Hitmetrix - User behavior analytics & recording

Don’t forget your consumer side

Last week saw Advertising Week in New York, which included the announcement of this year’s Walk of Fame winners. Orville Redenbacher and the Chick-Fil-A cows took the title of favorite icons while the US Marine Corps and Southwest Airlines were honored for their slogans. These awards are clearly aimed toward the public, and a valiant attempt by the advertising industry to popularize itself with the world at large by celebrating consumer-chosen brandwork.

Meanwhile, however, a plethora of disciplines was showcased at a week’s worth of events, and digital was clearly taking the lead in the majority of conversations. One of those conversations was on a panel that I moderated during the Direct Marketing Association’s series of events on the Monday. For the DMA, staking its claim during this orgy of advertising was a stroke of genius. President/CEO John Greco was clearly proud of the DM industry’s presence at Advertising Week, and introduced the two main panels with great enthusiasm.

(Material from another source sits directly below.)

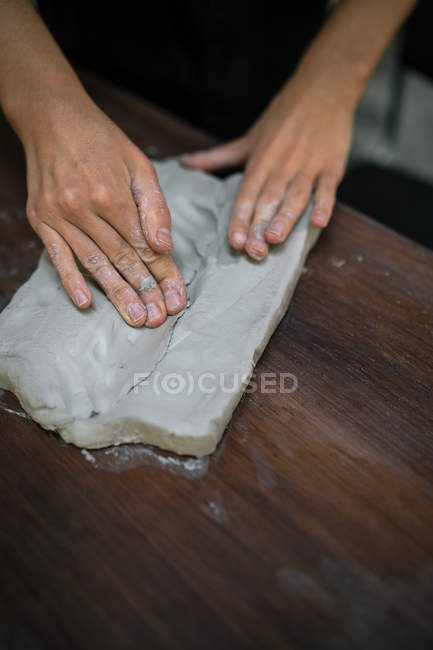 Cortar as mãos femininas amassar peça de argila na mesa de madeira — Fotografia de Stock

Both panels looked at the nexus of DM with other elements of the marketing mix: digital and branding. I moderated the digital panel, and the conversation was not only about some of the great digital innovations that are driving direct marketing today, it was also about some of the more Utopian visions that the panelists had.

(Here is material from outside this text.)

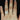 Close-up of 14kt Rose Gold Oval Moissanite and Diamond Split Shank Cushion Halo Bridal Set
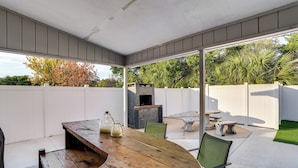 Un patio exterior con mesa y sillas de madera, chimenea de piedra y valla blanca.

But the part of the event that stood out the most was when the conversation turned to powerful use of trigger-based digital marketing. The conversation was becoming somewhat theoretical, so I threw a question open to the floor: Who out there had noticed that they had received some great trigger-based marketing messages recently? As one panelist put it, “Crickets.” No one spoke. So I asked again, rephrasing the question, inviting the audience members to think of themselves as consumers for a moment. Still nothing. A third attempt yielded one answer – a man in the front row offered, “We’re not consumers.”

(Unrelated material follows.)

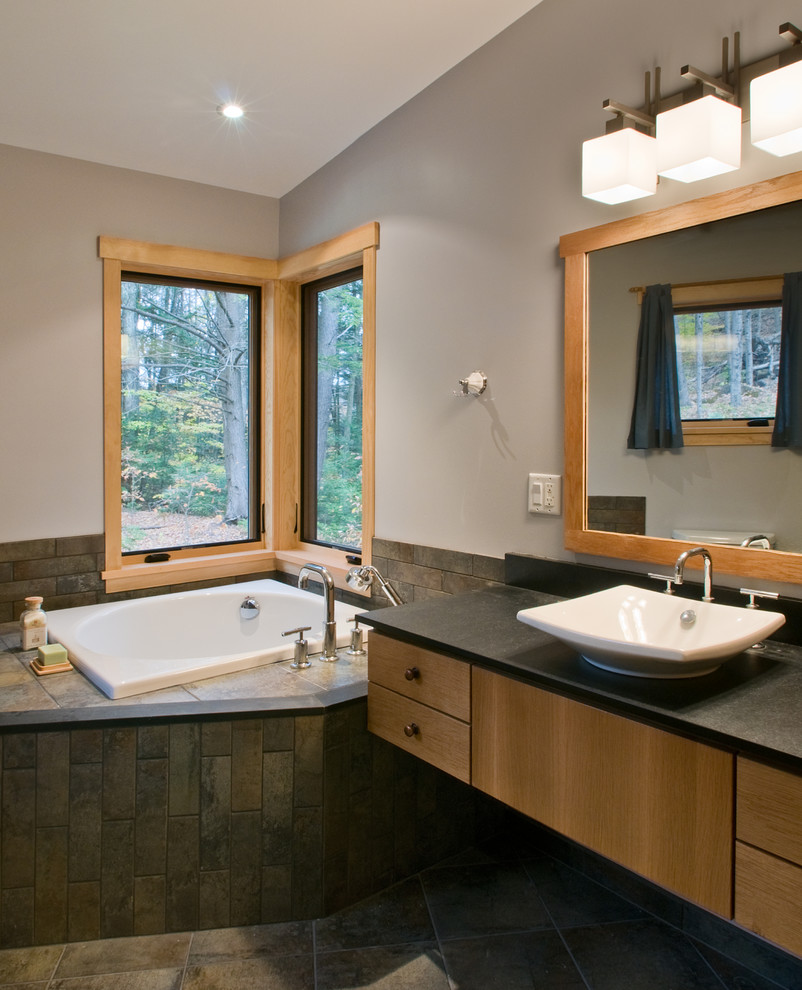 Идея дизайна: большая главная ванная комната в современном стиле с настольной раковиной, светлыми деревянными фасадами, столешницей из оникса, угловой ванной, серыми стенами и полом из керамической плитки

And frankly, I found that answer disturbing. There is no doubt that everyone in the audience was some kind of marketing specialist, and a good half of the audience members described themselves as direct marketers. But are there people in the industry who are really unable to step outside of their roles and think of themselves as consumers? Consumers are the very people that marketers are trying to target, and if they can’t have genuine reactions to the messages that are out there, then they are losing a giant portion of the insight they need in order to do their jobs to their best ability.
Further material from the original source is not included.